BĄDŹMY LUDZCY!

3/2015 (10) jesień | WSTĘPNIAK

Pozwólmy też innym poznać nas z tej lepszej strony.

Trudno pisać o czymkolwiek innym, gdy wokół nas dzieją się rzeczy, które mają bezpośredni wpływ na nasze życie, a przynajmniej tak nam się wydaje. Nie jest to może spojrzenie na świat przez pryzmat branży beauty, chociaż w pewnych aspektach na pewno bardzo jej bliskie.
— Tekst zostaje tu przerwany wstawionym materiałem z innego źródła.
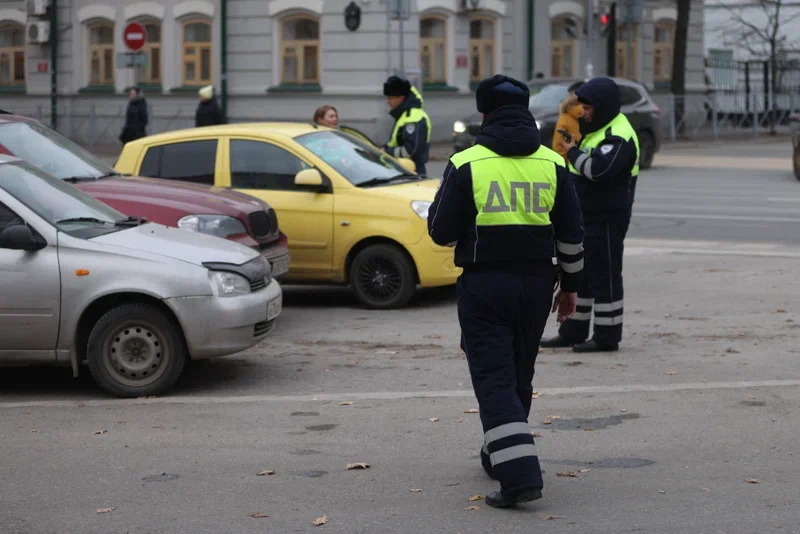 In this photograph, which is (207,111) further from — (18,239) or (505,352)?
(505,352)

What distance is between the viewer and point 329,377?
8.86 metres

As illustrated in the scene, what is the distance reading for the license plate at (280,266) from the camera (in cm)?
1066

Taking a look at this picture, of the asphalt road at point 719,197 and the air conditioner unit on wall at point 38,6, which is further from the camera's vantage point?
the air conditioner unit on wall at point 38,6

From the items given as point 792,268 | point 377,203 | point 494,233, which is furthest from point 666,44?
point 494,233

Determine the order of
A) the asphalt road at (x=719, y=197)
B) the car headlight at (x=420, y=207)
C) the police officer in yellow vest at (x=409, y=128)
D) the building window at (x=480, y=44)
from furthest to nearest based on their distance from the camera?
the building window at (x=480, y=44) < the asphalt road at (x=719, y=197) < the police officer in yellow vest at (x=409, y=128) < the car headlight at (x=420, y=207)

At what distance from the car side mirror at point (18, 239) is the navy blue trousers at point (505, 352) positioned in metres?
3.14

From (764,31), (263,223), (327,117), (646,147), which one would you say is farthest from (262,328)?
(764,31)

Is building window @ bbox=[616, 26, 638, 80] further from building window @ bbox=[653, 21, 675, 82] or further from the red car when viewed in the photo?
the red car

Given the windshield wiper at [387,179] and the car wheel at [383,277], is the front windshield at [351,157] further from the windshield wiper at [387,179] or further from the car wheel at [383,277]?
the car wheel at [383,277]

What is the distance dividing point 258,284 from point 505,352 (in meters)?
3.17

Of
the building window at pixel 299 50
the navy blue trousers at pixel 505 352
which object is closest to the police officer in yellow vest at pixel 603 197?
the navy blue trousers at pixel 505 352

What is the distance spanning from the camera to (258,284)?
8.79 metres

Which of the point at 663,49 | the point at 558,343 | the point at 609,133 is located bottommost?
the point at 558,343

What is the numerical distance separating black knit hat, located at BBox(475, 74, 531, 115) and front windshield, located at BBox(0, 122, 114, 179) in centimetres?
552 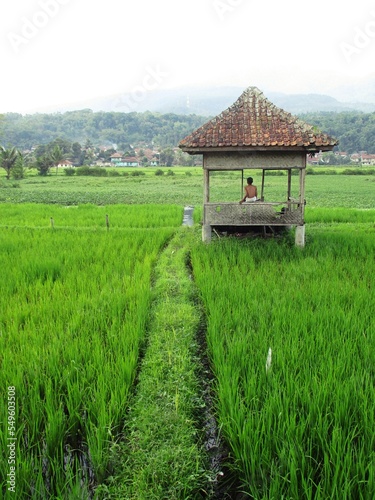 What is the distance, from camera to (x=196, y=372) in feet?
13.5

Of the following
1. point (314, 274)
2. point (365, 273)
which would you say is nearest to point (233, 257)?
point (314, 274)

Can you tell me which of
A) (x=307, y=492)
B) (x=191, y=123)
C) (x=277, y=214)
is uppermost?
(x=191, y=123)

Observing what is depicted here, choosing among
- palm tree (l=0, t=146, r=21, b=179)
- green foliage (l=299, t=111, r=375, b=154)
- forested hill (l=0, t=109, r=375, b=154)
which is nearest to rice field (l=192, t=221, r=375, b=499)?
palm tree (l=0, t=146, r=21, b=179)

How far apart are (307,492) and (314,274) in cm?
475

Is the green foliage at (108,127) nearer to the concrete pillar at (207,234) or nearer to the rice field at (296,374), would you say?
the concrete pillar at (207,234)

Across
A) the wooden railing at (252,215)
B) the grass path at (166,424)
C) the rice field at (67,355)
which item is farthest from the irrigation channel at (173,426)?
the wooden railing at (252,215)

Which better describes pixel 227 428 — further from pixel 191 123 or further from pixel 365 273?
pixel 191 123

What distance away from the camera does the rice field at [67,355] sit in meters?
2.74

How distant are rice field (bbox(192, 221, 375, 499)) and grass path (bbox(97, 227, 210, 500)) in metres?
0.27

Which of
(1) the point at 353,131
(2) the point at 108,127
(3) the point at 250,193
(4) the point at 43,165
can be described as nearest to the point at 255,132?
(3) the point at 250,193

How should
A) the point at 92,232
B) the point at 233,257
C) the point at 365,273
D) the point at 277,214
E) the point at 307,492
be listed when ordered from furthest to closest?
the point at 92,232 < the point at 277,214 < the point at 233,257 < the point at 365,273 < the point at 307,492

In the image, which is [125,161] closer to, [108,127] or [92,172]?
[92,172]

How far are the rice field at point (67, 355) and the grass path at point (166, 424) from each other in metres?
0.14

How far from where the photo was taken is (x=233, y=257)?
7.70 meters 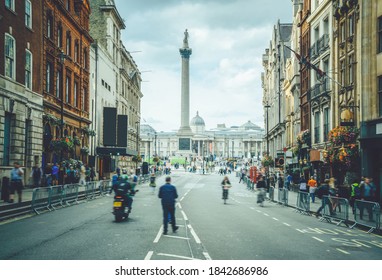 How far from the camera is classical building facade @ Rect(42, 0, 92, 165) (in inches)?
1529

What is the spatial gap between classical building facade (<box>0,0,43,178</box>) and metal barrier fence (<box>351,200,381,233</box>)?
63.2 feet

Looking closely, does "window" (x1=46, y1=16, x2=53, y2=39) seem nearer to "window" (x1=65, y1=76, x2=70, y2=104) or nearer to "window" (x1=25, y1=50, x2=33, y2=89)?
"window" (x1=25, y1=50, x2=33, y2=89)

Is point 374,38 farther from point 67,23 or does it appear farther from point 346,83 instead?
point 67,23

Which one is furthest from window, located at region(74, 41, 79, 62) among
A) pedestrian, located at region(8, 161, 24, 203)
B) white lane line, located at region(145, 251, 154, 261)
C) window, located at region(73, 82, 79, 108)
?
white lane line, located at region(145, 251, 154, 261)

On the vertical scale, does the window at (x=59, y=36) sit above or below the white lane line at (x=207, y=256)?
above

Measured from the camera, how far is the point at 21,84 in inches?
1264

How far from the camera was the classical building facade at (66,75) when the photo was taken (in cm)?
3884

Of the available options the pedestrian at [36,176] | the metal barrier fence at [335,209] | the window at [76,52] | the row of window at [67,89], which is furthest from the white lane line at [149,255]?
the window at [76,52]

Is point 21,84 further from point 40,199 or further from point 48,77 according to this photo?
point 40,199

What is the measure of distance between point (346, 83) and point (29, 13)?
2142 cm

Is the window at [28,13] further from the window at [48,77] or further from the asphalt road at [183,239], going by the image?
the asphalt road at [183,239]

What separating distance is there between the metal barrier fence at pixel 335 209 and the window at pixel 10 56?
1934 cm

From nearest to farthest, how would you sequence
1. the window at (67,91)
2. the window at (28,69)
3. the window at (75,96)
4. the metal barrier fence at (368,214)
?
1. the metal barrier fence at (368,214)
2. the window at (28,69)
3. the window at (67,91)
4. the window at (75,96)

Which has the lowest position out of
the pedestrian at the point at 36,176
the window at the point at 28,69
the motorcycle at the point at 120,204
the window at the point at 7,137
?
the motorcycle at the point at 120,204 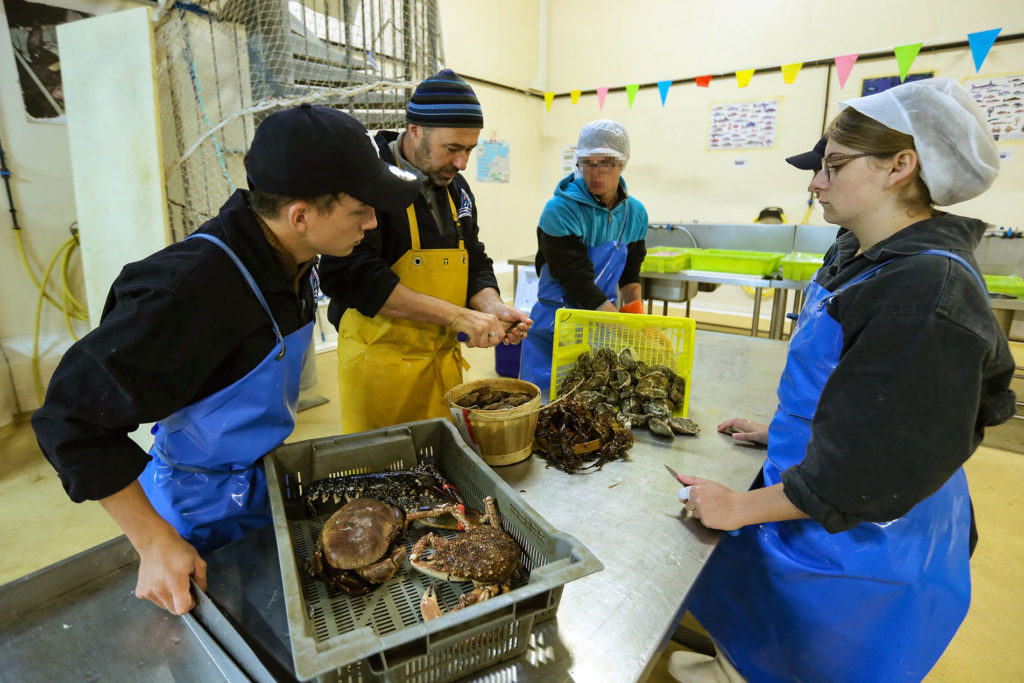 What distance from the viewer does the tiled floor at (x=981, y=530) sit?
2062mm

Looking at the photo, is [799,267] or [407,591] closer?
[407,591]

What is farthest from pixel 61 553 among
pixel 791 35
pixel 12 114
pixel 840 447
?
pixel 791 35

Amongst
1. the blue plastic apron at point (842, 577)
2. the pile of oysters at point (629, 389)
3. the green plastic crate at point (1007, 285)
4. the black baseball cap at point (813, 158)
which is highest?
the black baseball cap at point (813, 158)

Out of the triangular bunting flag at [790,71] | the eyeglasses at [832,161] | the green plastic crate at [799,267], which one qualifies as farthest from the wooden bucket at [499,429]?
the triangular bunting flag at [790,71]

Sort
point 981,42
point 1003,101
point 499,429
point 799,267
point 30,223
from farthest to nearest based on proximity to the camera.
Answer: point 1003,101, point 981,42, point 799,267, point 30,223, point 499,429

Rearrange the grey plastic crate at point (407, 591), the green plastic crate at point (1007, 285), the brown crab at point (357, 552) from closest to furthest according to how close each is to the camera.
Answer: the grey plastic crate at point (407, 591) < the brown crab at point (357, 552) < the green plastic crate at point (1007, 285)

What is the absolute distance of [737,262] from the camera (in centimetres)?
450

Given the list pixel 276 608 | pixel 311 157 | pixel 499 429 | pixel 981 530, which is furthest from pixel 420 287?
pixel 981 530

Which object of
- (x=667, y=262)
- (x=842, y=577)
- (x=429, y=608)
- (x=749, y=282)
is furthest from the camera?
(x=667, y=262)

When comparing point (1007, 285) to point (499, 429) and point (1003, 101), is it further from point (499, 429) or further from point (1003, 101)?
point (499, 429)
I tak z jednej strony chcielibyśmy ograniczenia wieku emerytalnego do powiedzmy 55. roku życia, aby później w spokoju i dostatku przeżywać sobie kolejne poranki i wieczory w opływającym nas z każdej strony luksusie. Za nic mamy dane pokazujące, że oto żyjemy coraz dłużej, że coraz częściej nasza praca związana jest z umysłowym, a nie fizycznym wysiłkiem. Fakt, że nasze społeczeństwo się starzeje i za kilka lat nie będzie miał kto na nasze świadczenia pracować, przyjmujemy wzruszeniem ramion. Tego się nie boimy, nie powoduje to zatroskania o przyszłość naszą i naszych dzieci.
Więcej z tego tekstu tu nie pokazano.